Integrate JumpCloud’s Cloud LDAP with Hashicorp Vault

Wondering how to close the gaps between your engineers privileged IDs and countlessly secrets with ease of mind? This one is for you.

The Pain

Are you constantly riding on a rollercoaster — IAM auditing with a drastically growing engineering/business flee, where countless secrets have been created daily?

I’m with you wholeheartedly.

So just listing down a few of my pain points here, something surely we have in common :-)

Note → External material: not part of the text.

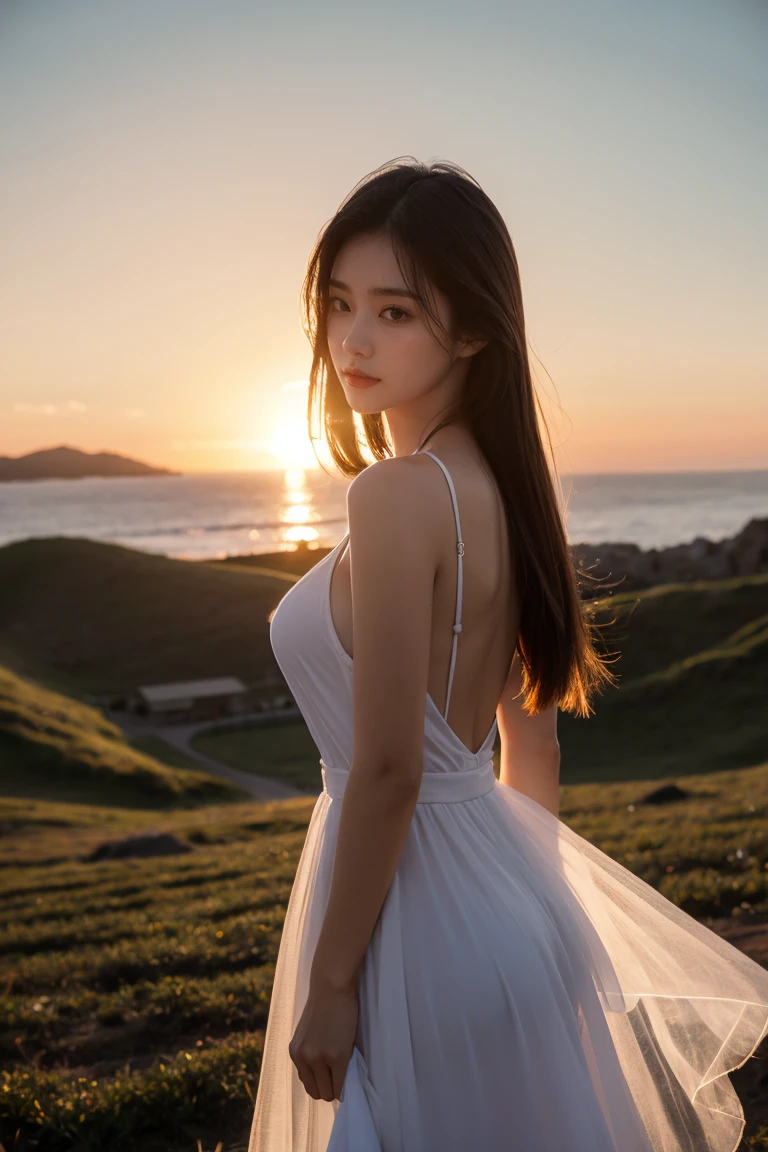 a picture by Patrick Ching, tumblr, realism, with sunset, with a sunset, beautiful backlight, sun drenched, backlight photo sample, soft sunset lighting, hot with shining sun, with ethereal light, light dress, with backlight, ethereal back light, beautiful south korean woman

• Shared service accounts, multi-purposed, and probably abused.
• Shared privileged accounts / API keys / tokens — of cause unnamed.
• Oprah API keys / tokens with blank descriptions.
• Don’t-know-when expired certs.
• Unmanaged self-issued certs.
• Etc etc etc etc…

A list I can go on for days 😂.

So How (to ease the pain)?

Well, I do have a cloud-based IdP — JumpCloud which offers LDAP as a Service, which helped me reduce the overhead of having a core directory massively.

And I came across Vault — A solution designed precisely to address the secret management pain.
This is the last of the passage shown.